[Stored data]
※

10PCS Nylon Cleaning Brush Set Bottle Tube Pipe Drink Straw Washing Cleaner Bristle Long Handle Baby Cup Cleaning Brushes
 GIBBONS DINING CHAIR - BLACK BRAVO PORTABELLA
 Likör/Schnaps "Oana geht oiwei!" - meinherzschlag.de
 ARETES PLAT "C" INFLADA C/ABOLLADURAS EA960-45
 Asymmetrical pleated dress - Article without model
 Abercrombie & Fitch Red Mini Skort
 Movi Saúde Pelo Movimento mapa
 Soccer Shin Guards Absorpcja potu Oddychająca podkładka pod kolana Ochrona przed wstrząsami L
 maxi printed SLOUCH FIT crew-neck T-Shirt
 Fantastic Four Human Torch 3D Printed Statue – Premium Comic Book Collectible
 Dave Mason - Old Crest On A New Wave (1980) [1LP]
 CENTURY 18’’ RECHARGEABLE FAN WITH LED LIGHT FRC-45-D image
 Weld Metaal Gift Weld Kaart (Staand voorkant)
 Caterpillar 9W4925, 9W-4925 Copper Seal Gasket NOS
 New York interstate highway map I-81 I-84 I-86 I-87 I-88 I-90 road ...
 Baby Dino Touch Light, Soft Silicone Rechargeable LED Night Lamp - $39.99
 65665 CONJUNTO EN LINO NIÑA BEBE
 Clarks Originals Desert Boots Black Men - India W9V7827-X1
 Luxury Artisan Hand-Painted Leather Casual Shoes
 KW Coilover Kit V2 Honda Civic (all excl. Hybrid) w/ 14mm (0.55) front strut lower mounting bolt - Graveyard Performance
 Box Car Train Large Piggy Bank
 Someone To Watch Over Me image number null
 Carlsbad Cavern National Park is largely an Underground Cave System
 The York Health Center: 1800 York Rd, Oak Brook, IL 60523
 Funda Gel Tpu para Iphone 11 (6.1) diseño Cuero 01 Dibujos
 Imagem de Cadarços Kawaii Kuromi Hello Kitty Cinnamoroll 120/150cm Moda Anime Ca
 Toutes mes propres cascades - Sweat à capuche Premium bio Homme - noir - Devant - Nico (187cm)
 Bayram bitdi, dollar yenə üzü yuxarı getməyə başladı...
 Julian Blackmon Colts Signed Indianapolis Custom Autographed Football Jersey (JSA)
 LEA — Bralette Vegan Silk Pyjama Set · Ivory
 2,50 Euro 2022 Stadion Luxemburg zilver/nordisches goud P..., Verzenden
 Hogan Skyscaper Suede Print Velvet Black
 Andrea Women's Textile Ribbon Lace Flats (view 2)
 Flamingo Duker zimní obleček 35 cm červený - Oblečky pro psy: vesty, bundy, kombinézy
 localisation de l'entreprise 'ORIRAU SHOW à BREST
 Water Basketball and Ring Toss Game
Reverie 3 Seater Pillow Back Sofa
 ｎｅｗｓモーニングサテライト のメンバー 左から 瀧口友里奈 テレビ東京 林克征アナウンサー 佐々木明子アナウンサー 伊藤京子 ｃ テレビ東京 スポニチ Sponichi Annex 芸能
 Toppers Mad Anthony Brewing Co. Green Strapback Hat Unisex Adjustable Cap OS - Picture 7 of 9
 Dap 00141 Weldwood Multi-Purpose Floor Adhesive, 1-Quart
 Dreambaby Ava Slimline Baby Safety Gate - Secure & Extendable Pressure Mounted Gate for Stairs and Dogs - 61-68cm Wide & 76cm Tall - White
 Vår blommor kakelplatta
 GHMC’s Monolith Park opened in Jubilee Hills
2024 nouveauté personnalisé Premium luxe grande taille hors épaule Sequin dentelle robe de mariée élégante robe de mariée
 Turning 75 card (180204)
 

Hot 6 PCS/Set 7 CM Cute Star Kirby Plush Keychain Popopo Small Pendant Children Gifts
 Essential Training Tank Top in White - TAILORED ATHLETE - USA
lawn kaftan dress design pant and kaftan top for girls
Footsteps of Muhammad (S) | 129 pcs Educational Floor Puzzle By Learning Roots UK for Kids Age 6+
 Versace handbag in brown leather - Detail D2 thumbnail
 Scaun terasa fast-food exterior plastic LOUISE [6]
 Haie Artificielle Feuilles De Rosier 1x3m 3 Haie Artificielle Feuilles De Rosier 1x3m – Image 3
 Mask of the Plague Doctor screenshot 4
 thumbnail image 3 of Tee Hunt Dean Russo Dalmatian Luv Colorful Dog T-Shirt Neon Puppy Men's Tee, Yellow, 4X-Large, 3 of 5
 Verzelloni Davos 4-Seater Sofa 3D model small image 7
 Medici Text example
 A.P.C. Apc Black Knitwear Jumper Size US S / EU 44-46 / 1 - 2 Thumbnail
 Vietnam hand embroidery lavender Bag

※

--- Activity ---
A complete answer gives every line of the records holding "White".

--- Solution ---
 Dreambaby Ava Slimline Baby Safety Gate - Secure & Extendable Pressure Mounted Gate for Stairs and Dogs - 61-68cm Wide & 76cm Tall - White
 Essential Training Tank Top in White - TAILORED ATHLETE - USA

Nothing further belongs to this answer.